Open Journal of Nursing
Vol.09 No.07(2019), Article ID:93622,9 pages

Merging Drama with Medical Education: Simulation in Learning Breaking Bad News Pre- and Post-Study

Ruba M. Jaber1*, Hana H. Abu-Hassan1, Joyce Al Raie2, Ayman Tayseer3, Asma O. Alghzawi4, Hadeel H. Salameh4, Islam Massad5

1Department of Family and Community Medicine, School of Medicine, University of Jordan, Amman, Jordan

2Theaters Art Department, School of Art and Design, The University of Jordan, Amman, Jordan

3Department of Music, School of Art and Design, The University of Jordan, Amman, Jordan

4University of Jordan Hospital, University of Jordan, Amman, Jordan

5Department of Anesthesia, School of Medicine, The University of Jordan, Amman, Jordan

Copyright © 2019 by author(s) and Scientific Research Publishing Inc.

This work is licensed under the Creative Commons Attribution International License (CC BY 4.0).

Received: May 22, 2019; Accepted: July 8, 2019; Published: July 11, 2019


Objective: Using simulation in medical education was introduced in the 17th century, applying different techniques. The introduction of using simulated patients (SP) was also of great importance in both learning and evaluation processes. Aims: This current study aims at assessing medical students’ perception about the use of well-trained drama students from the school of Arts in simulated session of breaking bad news encounter. Study Design: This is a per- and post-test study. Methods: 112 students were asked to fill a pre-validated questionnaire, who trained from January 2017 till the end of July 2017 pre- and post-exposure to simulated clinical encounter, where one well trained senior drama student played the role of patient, one student played the doctor who would break the bad news (BBN), debriefing before the encounter, and discussion after took place. Another validated questionnaire was distributed after the encounter, to assess the students’ experience. Statistical analysis was done using SPSS version 20. Results: Scores of all questions showed statistically significant improvement after the simulation session (p-value < 0.05). Also, students rated themselves to be more confident to break bad news after the session; they felt that the debriefing and discussions were of great value and agreed that they needed more simulation sessions in their clinical training. 95% of the students found the debriefing constructive and reflective on their learning experience, 84% found it helpful in applying the knowledge they received, and in development of their decision-making ability. Conclusion: Simulation encounter, using drama students who are well-trained in human grief reaction, making BBN learning more positive and effective, merging two faculties improved the learning experience of both medical and Drama students.
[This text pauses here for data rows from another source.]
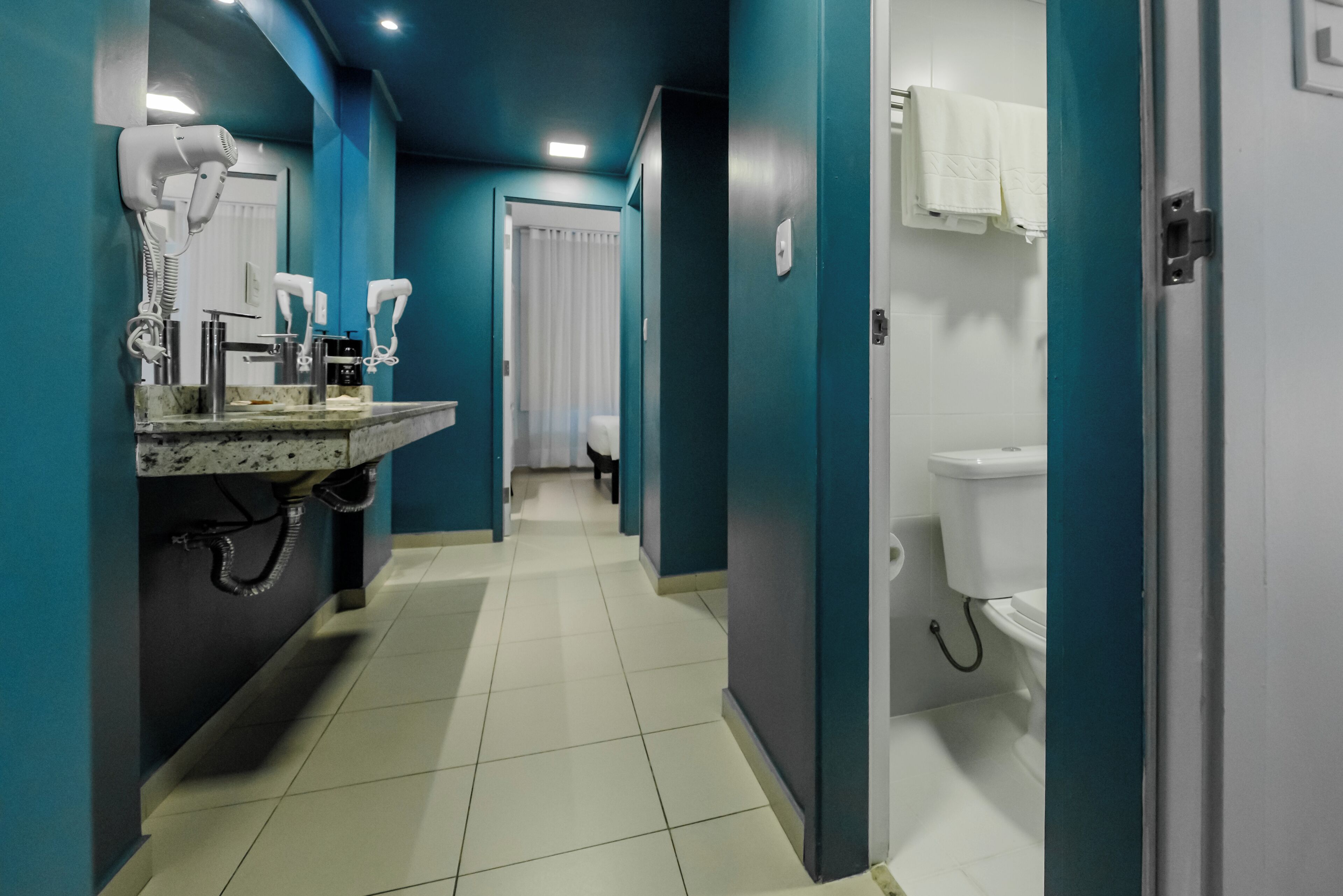 Standaard appartement, meerdere bedden | Badkamer
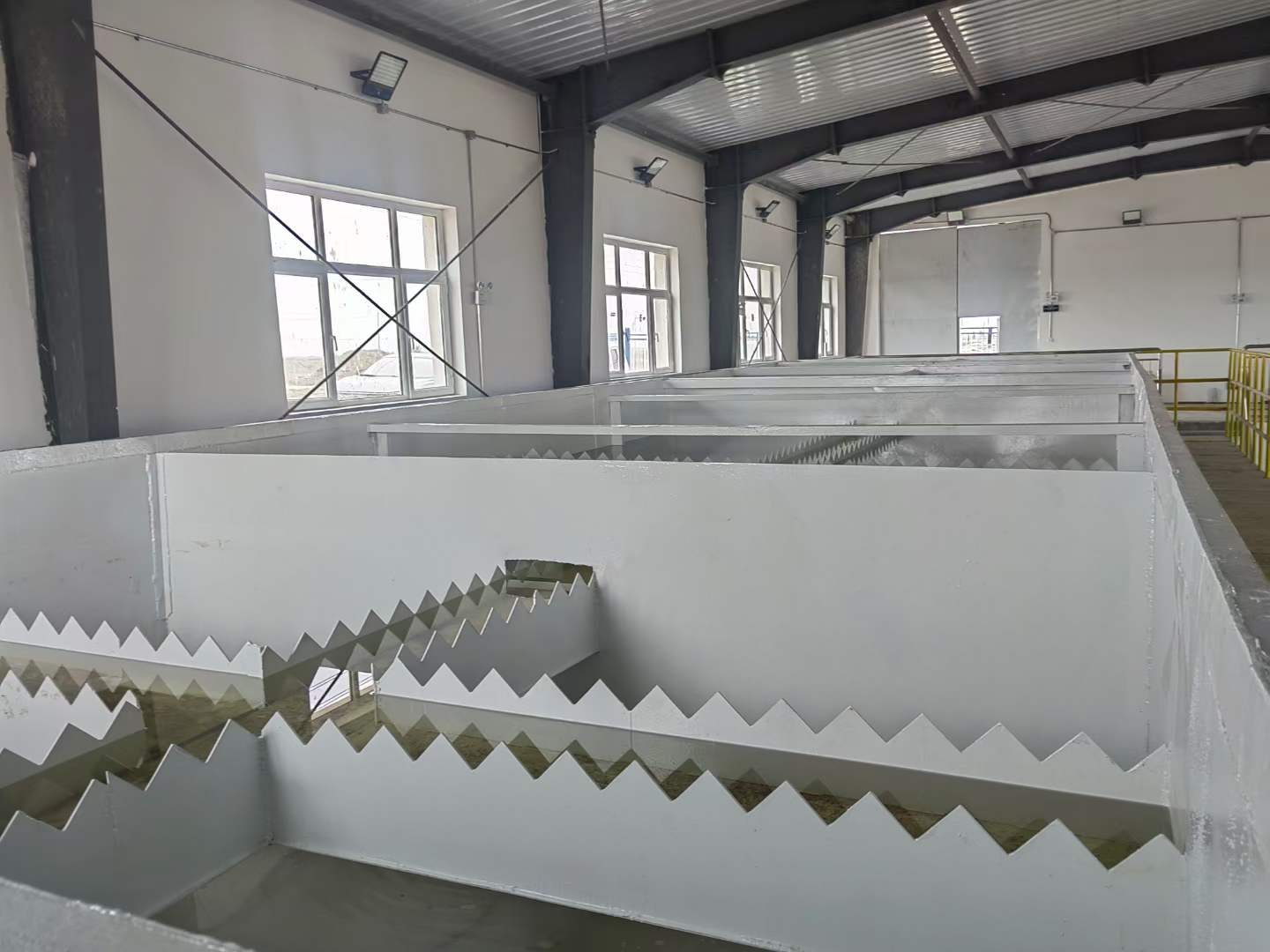 一體化全自動(dòng)凈水裝置(圖3) 1-240F3102431311.jpg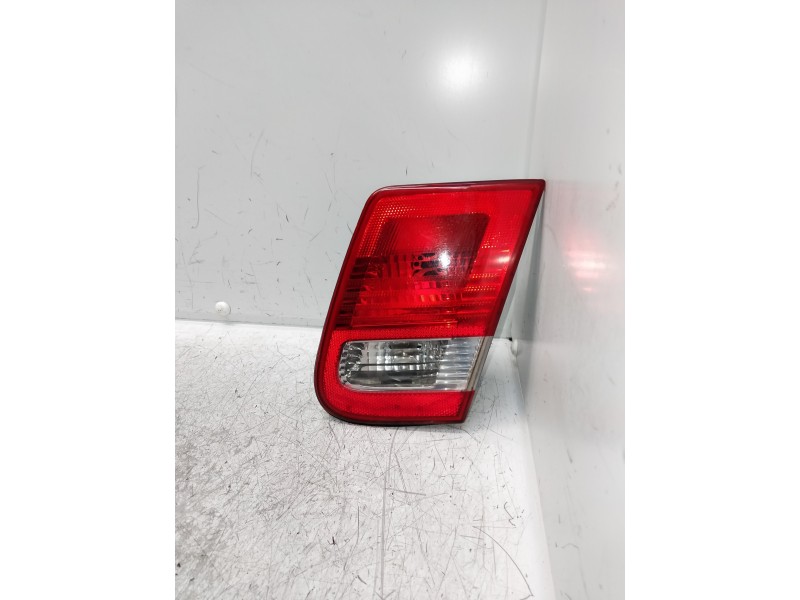 Recambio de piloto trasero derecho interior para saab 9-3 berlina 2.2 16v tid cat referencia OEM IAM   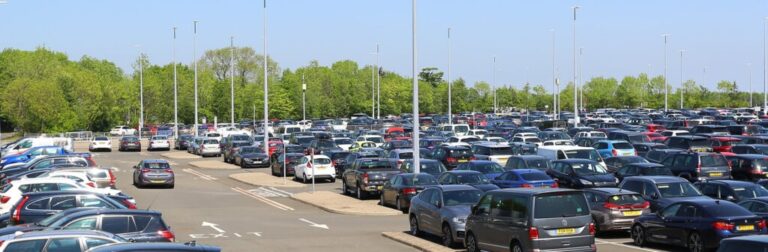 Smart Travellers Choose Ezybook for Heathrow Parking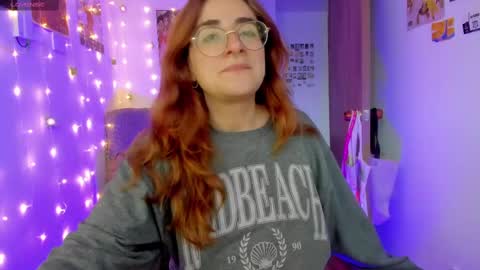 Giggles  online show from October 5, 2025, 10:40 pm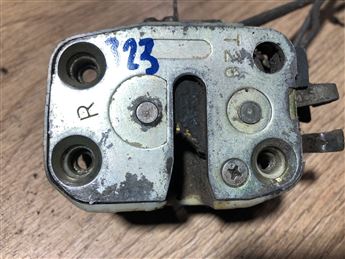 Mazda 323 1990-1997 Sağ Arka Kapı Kilidi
Simulation, Drama Students, Breaking Bad News, Medical Education

1. Introduction

The educational legacy of simulation-based medical education (SBME) originated in antiquity, where models of human patients were made from clay and stone, and used to demonstrate clinical features of diseases [1]. In the 17th century in France, Gregoire father and son, developed birthing manikin made of human pelvis and a dead baby; the manikin was named “The Phantom” [2]. The use of The Phantom to teach delivery resulted in a reduction of maternal and infant mortality rates [3]. Since 1960, simulators are increasingly used for the training of doctors, nurses and laymen in resuscitation techniques [4]. Simulation is a technique, which replaces and amplifies real experiences. It can evoke and replicate substantial aspects of the real world in a fully interactive manner [5]. The integration of SBME with traditional medical education can be a valuable tool for better clinical practice. It provides a safe, controlled environment in which problem-based learning is developed and competencies are practiced in high-standards [3].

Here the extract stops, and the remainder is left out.